The Cassini spacecraft has been keeping an eye on Titan for a while now. Titan has wind, rain, seasons, sand dunes, lakes, shorelines. But with surface temperatures of −179 °C, Saturn's largest satellite - the only natural satellite in the solar system with a proper atmosphere - is way too cold for water. Below its ice crust, however, it looks like there might be an ocean of liquid water thanks to the presence of ammonia. Where there's water, there may, just may be life.

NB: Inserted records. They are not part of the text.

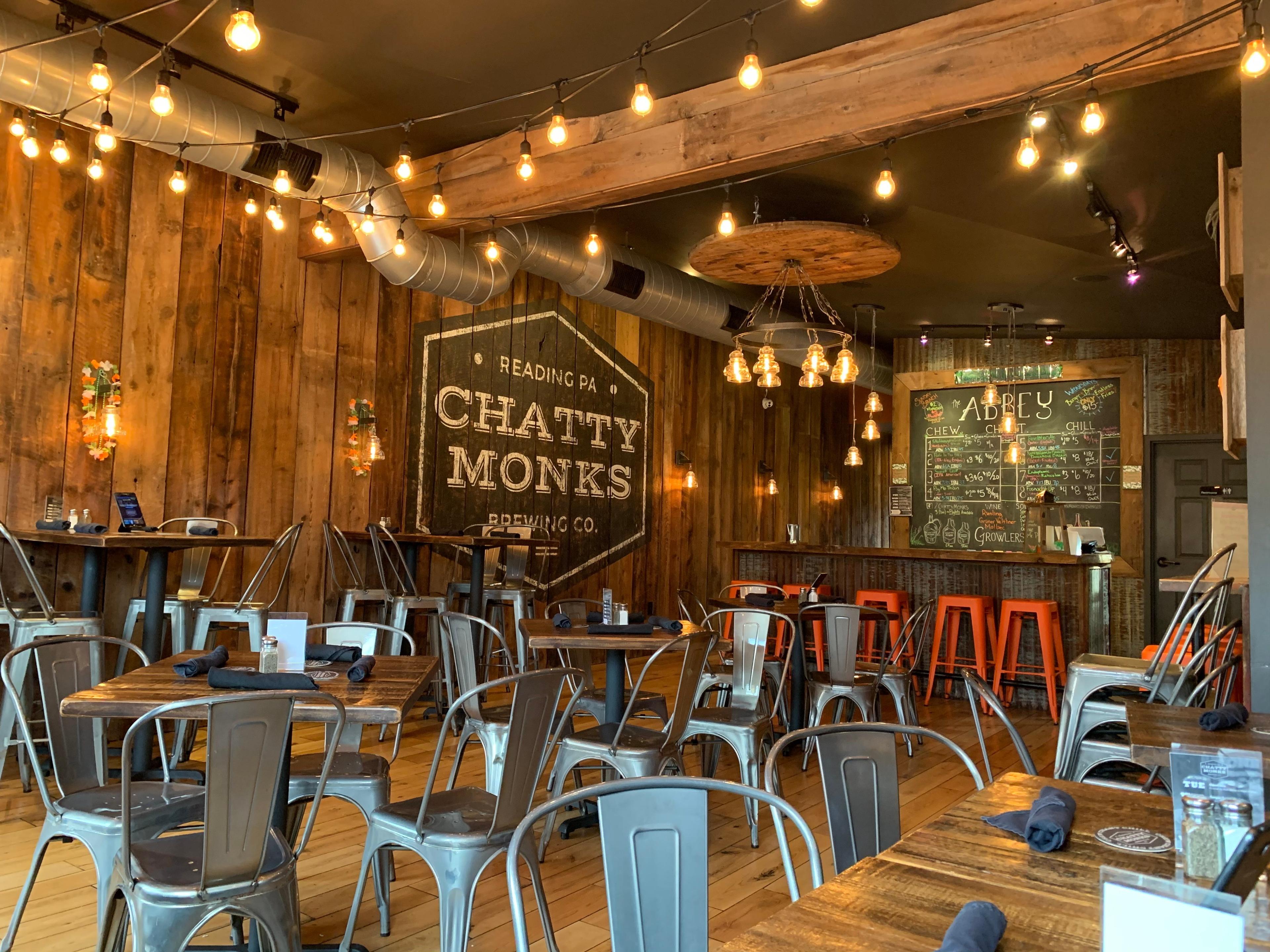 Chatty Monks Brewing Company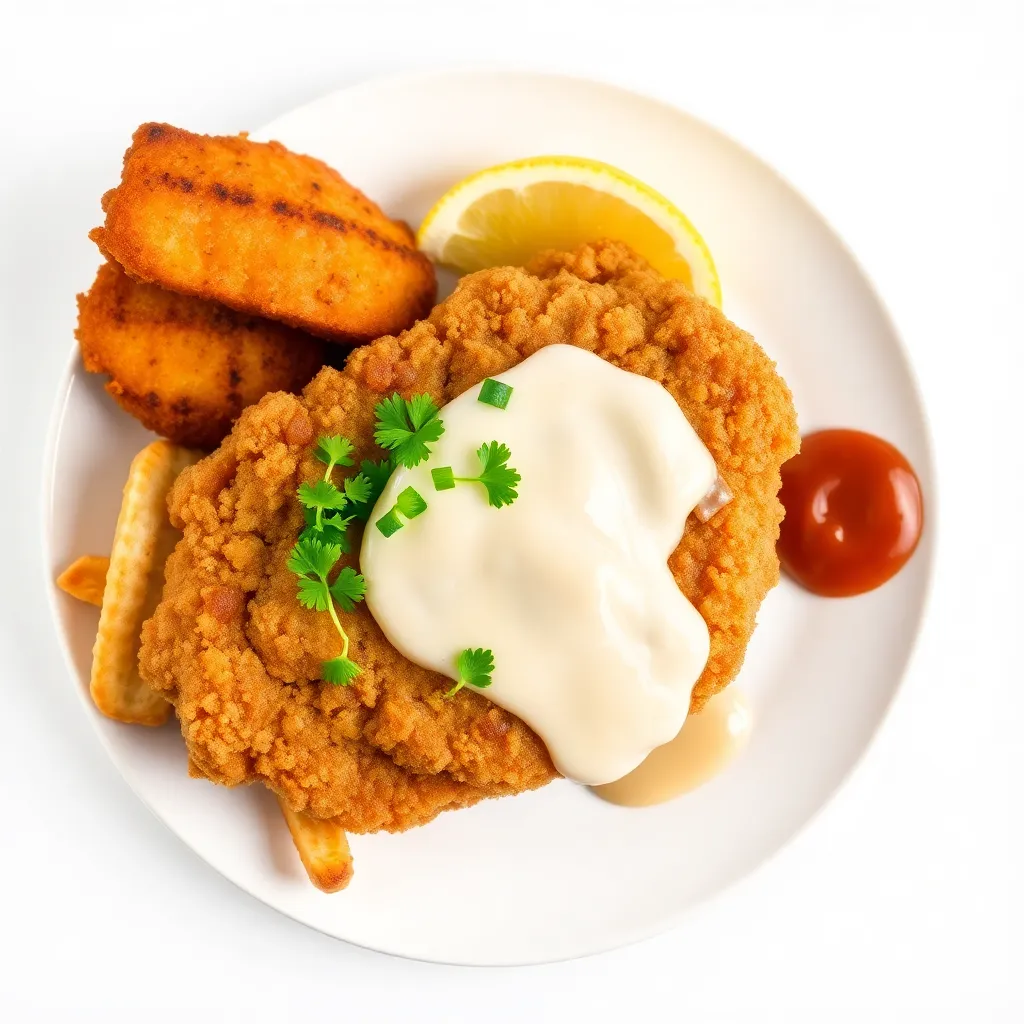 Chicken Fried Steak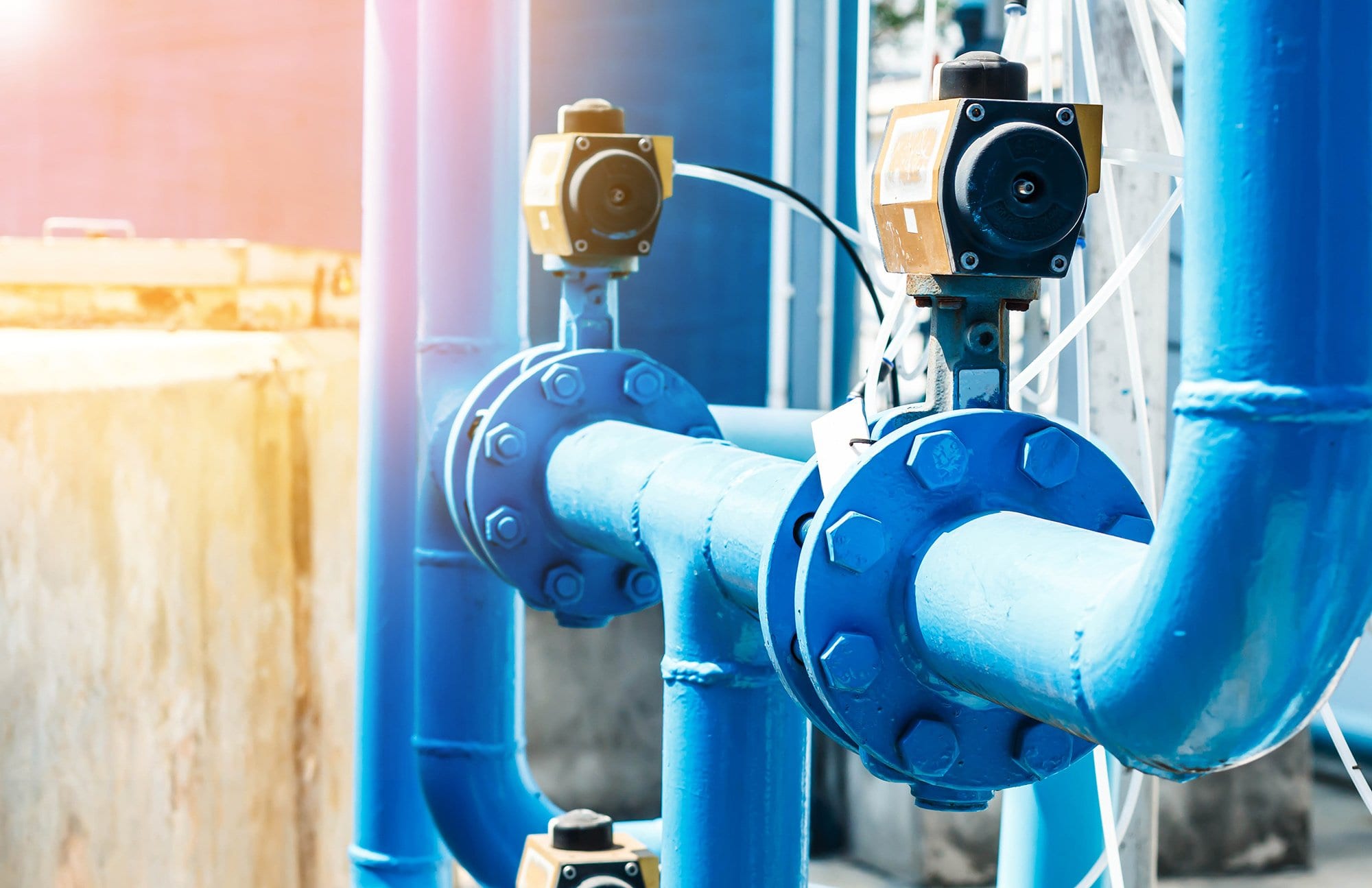 Commercial Plumbing System Long Island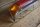 taillight cover W113 red/amber LH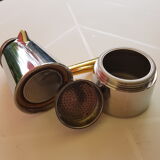 Vintage Italian coffee maker 1970s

An even more exotic possibility is the idea of life forms adapted to liquid methane or ethane, of which Titan has plenty of lakes on its surface.
An image Cassini took on 12 May 2007 reveals that Titan has seas, shorelines, islands, bays, channels and peninsulas, much like the Earth (image source: NASA).
'In 2005', reports the New Scientist, 'Chris McKay of NASA's Ames Research Center in Moffett Field and Heather R Smith of the International Space University in Strasbourg, France, calculated that such microbes could eke out an existence by breathing in hydrogen gas and eating the organic molecule acetylene, creating methane in the process.' That would translate into a lack of acetylene and hydrogen near the surface. Now, the Cassini probe has found exactly that kind of evidence.
Above, Titan's sand dunes; the bright spots are not clouds but surface features. Below, for comparison, terrestrial sand dunes in Namibia (both images: NASA).
Prudently enough, scientists are quick to emphasise that the same evidence could be be produced by chemical, rather than biochemical, reactions. But the mere possibility that Cassini's measurements might be a sign of life elsewhere in our solar system has fired up the imagination of scientists and space afficionados around the world. No-one has seriously suggested anything more complex than microbes, but of course proof of any form of life, no matter how simple somewhere other than our planet would be sufficient to convince anyone (except possibly Creationists and their ilk) that the Earth is not the universe's elect planet, uniquely blessed - or cursed - with life. Plus, the mere notion that Titan's low gravity and highly dense atmosphere would allow humans to fly if they simply attached artificial wings to their arms is dizzyingly exciting.
Three false-colour snapshots of Titan, taken by Cassini in October 2005, December 2005, and January 2006 reveal a highly dynamic atmosphere over the south pole (image source: NASA).